Cette situation vous pousse-t-elle à vous réinventer ?
En effet. Nous allons créer un pôle « Science de la vie » où l’objectif sera d’attirer de nombreuses sociétés qui travaillent dans le domaine biomédicale. Elles représentent 22 % de nos locataires actuellement. L’objectif est de doubler ce chiffre. Pour les attirer, des loyers gratuits et un soutien financier pour financer des laboratoires sont au programme.
Avez-vous des craintes par rapport à la rareté du foncier ?
Pas pour le moment.

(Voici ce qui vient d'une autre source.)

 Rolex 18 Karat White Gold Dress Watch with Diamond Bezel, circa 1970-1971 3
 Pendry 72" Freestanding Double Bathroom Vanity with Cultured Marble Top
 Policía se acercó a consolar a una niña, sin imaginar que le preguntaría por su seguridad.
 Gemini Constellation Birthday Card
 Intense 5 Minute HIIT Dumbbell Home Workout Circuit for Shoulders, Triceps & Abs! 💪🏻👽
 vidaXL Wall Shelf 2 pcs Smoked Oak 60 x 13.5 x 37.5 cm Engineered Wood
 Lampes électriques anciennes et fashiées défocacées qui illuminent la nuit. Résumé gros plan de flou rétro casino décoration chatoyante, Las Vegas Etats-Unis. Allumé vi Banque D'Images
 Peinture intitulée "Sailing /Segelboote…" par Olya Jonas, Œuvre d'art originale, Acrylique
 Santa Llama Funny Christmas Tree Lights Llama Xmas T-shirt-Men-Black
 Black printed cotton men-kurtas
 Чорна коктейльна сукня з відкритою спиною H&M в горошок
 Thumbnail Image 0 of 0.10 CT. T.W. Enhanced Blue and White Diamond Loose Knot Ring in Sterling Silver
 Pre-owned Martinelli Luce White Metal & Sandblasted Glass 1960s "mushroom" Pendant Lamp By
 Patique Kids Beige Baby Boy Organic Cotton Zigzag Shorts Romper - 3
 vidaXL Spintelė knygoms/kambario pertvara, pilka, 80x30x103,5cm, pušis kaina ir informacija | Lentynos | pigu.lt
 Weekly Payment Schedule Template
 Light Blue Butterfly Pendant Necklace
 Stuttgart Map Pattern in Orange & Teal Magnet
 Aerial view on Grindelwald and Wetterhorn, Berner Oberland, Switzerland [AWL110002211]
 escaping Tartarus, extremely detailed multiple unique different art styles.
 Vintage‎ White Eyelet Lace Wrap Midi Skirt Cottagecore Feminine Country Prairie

Nous disposons encore de nombreux terrains disponibles. Notre métier est différent d’in BW puisque nous construisons des bâtiments que nous louons ensuite. A Mont-Saint-Guibert, il reste encore un terrain le long de la N25 (à côté du garage automobile) pour construire un immeuble de 12 000 m2. La demande de permis sera lancée d’ici peu. A Nivelles, la construction d’un immeuble de 4 000 m2 est en cours et un second immeuble de la même taille est prévu dans la foulée.
Comment se dessinera le parc d’activités économiques de demain ?
Pour notre part, il sera dans la lignée de ce que nous avons créé ces dernières années. Soit avec une multitudes de services, un grand intérêt pour l’environnement et la biodiversité de même qu’une attention à la connectique.